> **Assignment**
For the material below, reproduce exactly each line from the one that has "Custom Face Girl" through the one that has "Real Steel Receptor", and no others; pictures stay out.

> **Provided records**
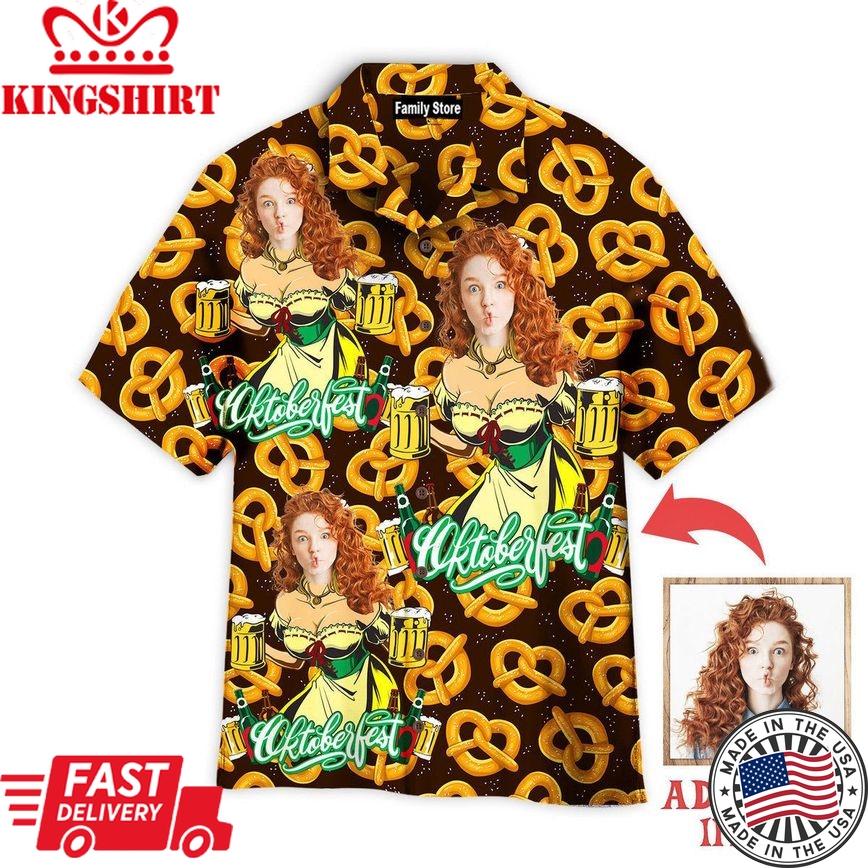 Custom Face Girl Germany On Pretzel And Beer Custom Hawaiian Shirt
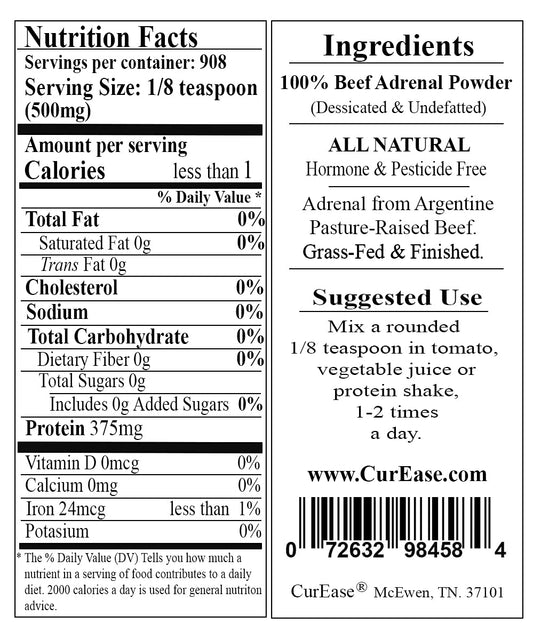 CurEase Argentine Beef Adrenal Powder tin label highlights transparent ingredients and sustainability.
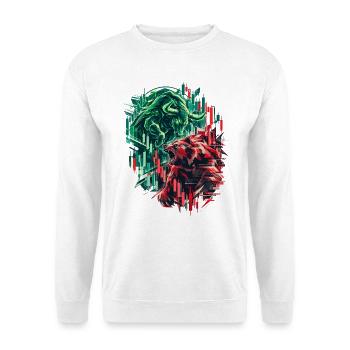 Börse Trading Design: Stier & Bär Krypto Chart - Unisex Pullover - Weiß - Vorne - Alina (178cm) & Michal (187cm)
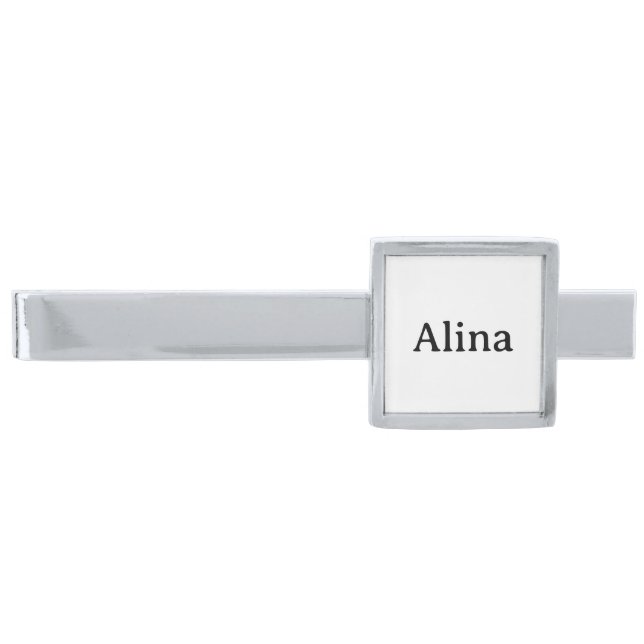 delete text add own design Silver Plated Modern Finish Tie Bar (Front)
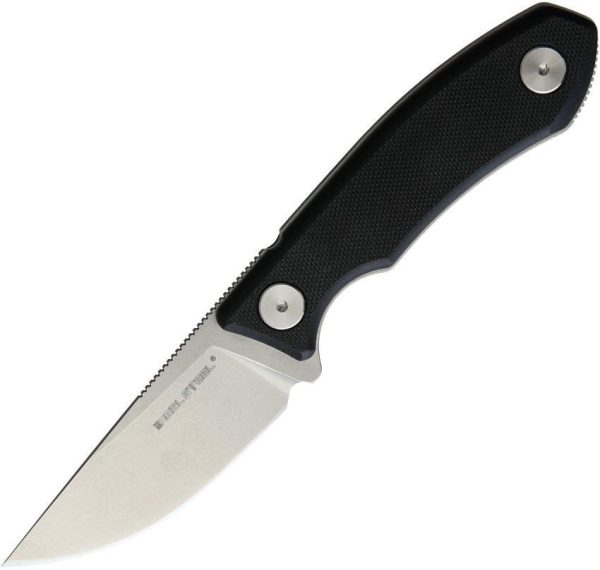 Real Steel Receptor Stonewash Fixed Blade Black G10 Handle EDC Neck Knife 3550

--

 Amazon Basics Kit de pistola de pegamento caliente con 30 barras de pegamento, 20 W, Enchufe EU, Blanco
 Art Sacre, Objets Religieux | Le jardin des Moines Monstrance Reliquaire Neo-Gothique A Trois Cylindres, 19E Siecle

==

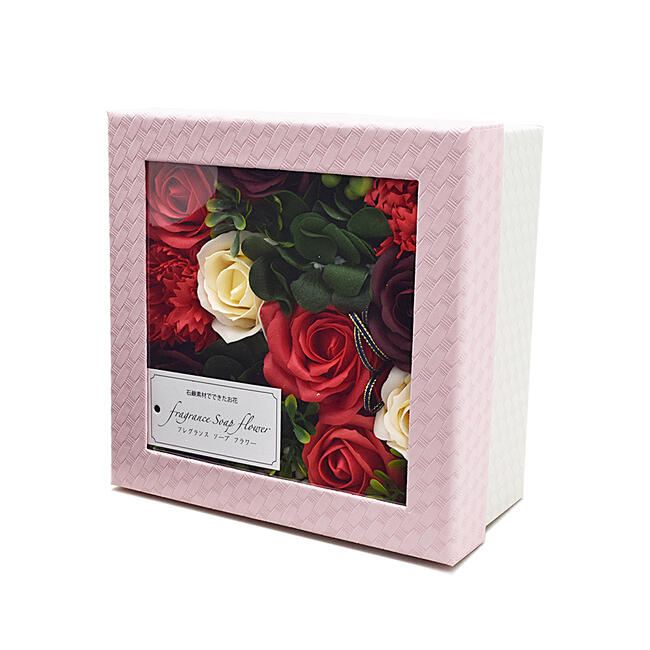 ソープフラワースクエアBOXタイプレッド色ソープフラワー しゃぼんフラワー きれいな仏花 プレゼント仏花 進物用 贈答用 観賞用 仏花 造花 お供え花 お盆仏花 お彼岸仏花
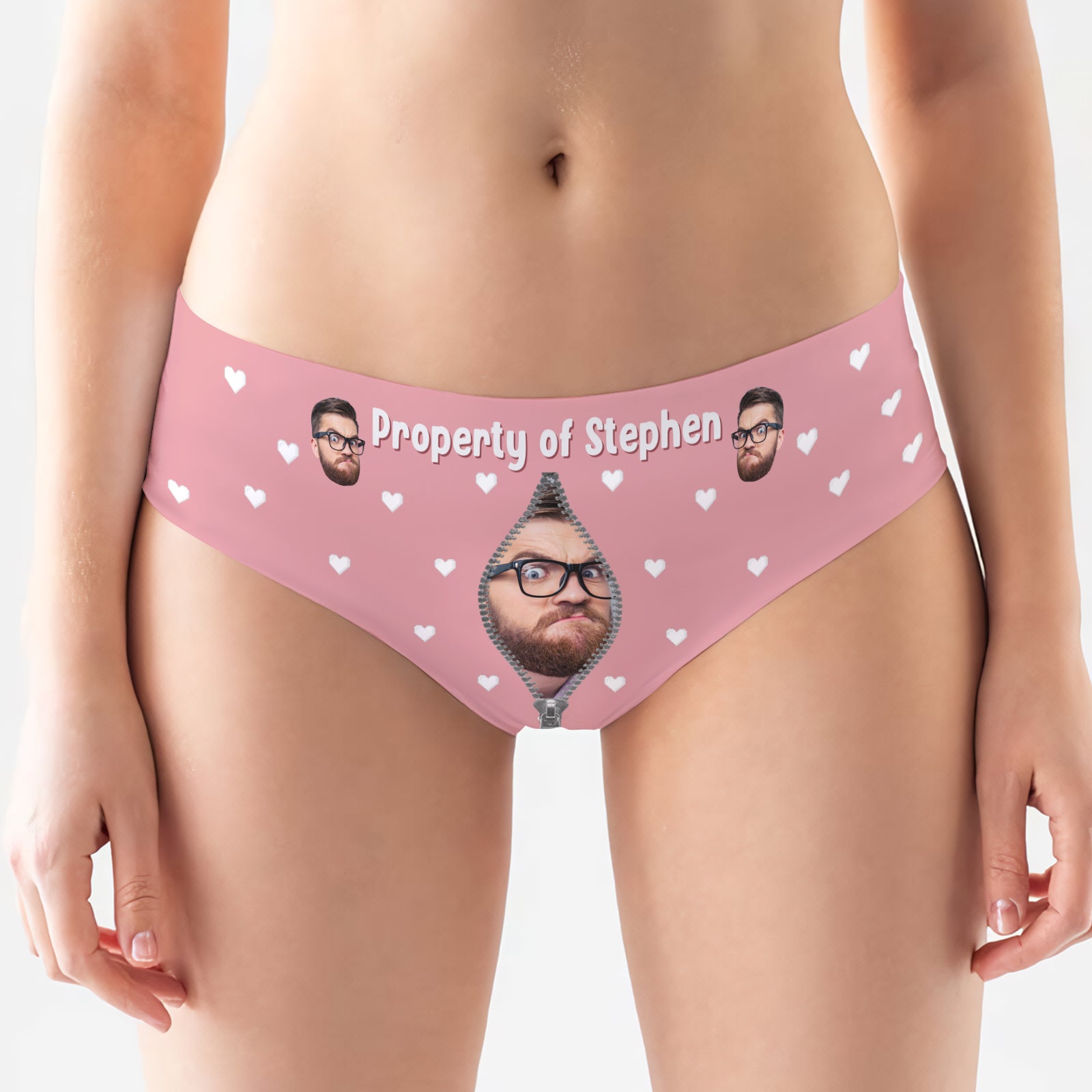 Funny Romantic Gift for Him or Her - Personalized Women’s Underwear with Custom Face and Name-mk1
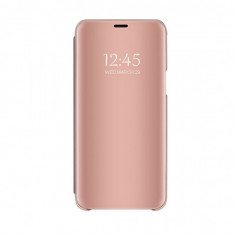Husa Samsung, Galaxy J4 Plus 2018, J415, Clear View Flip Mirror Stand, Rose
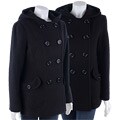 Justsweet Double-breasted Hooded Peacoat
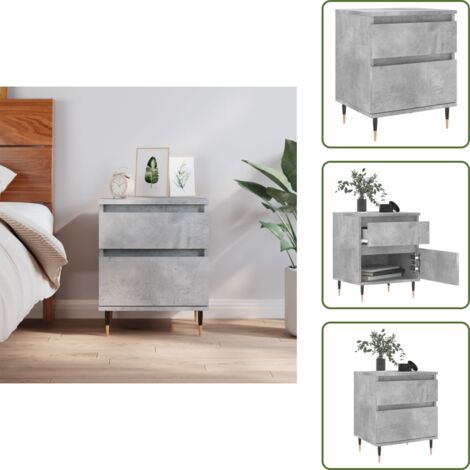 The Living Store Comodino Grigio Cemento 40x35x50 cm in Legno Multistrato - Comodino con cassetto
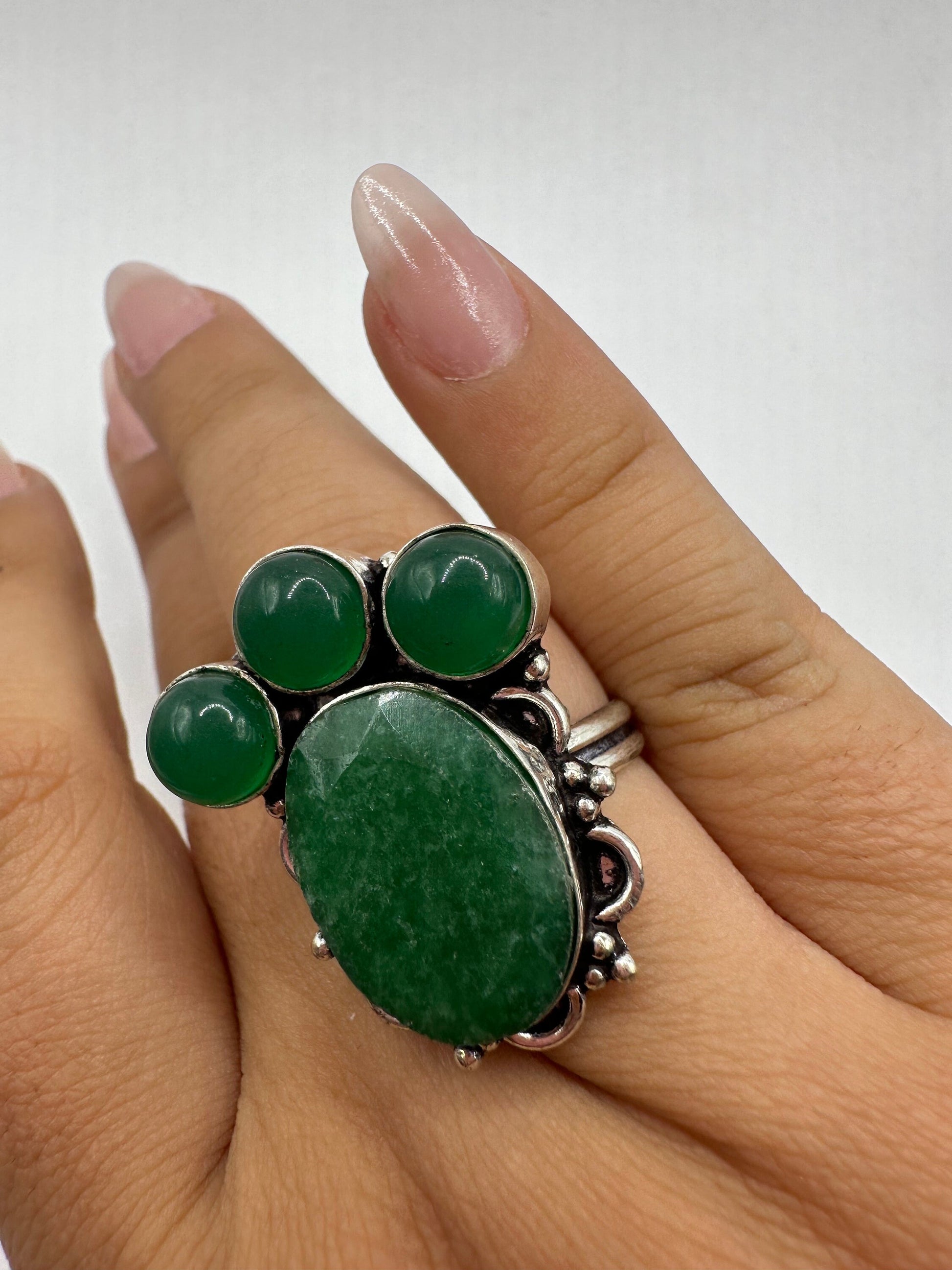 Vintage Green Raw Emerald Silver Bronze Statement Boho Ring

> **Answer to this task**
 Custom Face Girl Germany On Pretzel And Beer Custom Hawaiian Shirt
 CurEase Argentine Beef Adrenal Powder tin label highlights transparent ingredients and sustainability.
 Börse Trading Design: Stier & Bär Krypto Chart - Unisex Pullover - Weiß - Vorne - Alina (178cm) & Michal (187cm)
 delete text add own design Silver Plated Modern Finish Tie Bar (Front)
 Real Steel Receptor Stonewash Fixed Blade Black G10 Handle EDC Neck Knife 3550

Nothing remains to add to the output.